I don’t know what scares me more, standing in front of a crowd of really nice people, trying not to make a fool of myself, or the idea of flying. I’m not a good flyer. I was once. Literally, once. My parents and my aunt and uncle put me and my cousin on a plane to South Carolina when we were about 12. We had a great time and flirted with the steward (as they were then called), and I remember reading a Time magazine about the collapse of a hotel in Kansas City. That’s how long ago that happened.
Since then I took a flight to Texas for a friend’s wedding, and I didn’t once consider airsickness a possibility. It became one, fast. By the time I got to San Antonio, I was sicker than a dog and very likely had a migraine too. My friends took off and did their own thing, and I curled up in the hotel, called my mom and cried.

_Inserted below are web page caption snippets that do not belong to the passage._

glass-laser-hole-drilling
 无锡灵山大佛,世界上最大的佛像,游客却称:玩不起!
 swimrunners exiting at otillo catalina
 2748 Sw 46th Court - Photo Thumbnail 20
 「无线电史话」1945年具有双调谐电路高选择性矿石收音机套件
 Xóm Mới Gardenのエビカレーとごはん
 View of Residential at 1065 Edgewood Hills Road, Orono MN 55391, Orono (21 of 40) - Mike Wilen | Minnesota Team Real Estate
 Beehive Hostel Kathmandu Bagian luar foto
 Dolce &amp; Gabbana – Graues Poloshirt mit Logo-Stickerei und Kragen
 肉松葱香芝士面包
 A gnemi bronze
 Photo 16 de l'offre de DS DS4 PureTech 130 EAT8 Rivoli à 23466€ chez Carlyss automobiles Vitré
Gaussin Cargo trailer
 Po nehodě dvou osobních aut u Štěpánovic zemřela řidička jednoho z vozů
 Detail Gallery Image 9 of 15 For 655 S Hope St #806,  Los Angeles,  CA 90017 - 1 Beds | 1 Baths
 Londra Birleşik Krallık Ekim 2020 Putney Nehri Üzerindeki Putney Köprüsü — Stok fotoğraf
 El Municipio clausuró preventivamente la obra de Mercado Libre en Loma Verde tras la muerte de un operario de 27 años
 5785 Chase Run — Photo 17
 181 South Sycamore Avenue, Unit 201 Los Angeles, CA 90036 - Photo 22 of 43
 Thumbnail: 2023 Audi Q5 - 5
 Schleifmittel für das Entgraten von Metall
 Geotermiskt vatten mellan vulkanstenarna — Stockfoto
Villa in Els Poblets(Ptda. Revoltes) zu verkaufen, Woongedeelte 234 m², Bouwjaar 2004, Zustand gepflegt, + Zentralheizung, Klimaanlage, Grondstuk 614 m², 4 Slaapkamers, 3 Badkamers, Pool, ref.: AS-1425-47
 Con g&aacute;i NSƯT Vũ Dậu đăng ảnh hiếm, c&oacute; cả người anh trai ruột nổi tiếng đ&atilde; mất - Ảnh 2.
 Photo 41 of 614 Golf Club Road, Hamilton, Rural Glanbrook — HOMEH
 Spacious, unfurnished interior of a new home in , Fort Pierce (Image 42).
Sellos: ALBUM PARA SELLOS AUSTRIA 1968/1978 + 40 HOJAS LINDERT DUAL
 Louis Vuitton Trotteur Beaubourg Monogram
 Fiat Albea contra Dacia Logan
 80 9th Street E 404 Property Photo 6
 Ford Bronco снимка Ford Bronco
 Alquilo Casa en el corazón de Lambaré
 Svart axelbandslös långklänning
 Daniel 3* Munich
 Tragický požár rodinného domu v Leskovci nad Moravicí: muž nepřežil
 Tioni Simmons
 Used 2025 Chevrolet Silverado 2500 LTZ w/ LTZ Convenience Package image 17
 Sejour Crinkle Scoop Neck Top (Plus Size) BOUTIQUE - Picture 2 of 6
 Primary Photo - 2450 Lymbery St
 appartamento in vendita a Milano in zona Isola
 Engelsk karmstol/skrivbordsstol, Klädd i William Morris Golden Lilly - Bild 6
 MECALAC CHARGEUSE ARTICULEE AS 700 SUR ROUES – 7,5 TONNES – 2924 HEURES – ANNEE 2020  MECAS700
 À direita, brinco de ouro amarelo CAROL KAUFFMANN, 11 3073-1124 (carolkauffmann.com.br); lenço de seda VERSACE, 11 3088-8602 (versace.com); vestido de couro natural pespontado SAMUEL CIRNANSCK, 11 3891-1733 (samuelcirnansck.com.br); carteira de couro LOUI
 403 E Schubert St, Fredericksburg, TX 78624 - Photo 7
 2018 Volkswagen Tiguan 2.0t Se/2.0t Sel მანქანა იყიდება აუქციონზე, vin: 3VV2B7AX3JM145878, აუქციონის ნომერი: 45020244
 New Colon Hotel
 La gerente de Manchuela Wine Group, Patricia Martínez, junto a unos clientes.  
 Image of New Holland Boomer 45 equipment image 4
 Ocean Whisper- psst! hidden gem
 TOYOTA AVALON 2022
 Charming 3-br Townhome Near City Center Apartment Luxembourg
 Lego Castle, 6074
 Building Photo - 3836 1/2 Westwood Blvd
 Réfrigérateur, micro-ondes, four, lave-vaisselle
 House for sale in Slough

After that I discovered the motion sickness wristbands that I take with me everywhere. I’m praying they work for me again on Friday (and Sunday) but I’m nervous that they won’t. I’m also not excited about being stuck in
traction coach for 3+ hours. We sat for 45 minutes when we did the Autism Explorers trip in January, and it took a few days for my knees to recover.
Suffice it to say, I’m nervous, but I’m going to be with some terrific friends, I’m going to meet a whole squadron of new friends, and we’re going to have fun. I’ve already picked out my travel knitting project. I just need to find those air/sea bands… Gulp.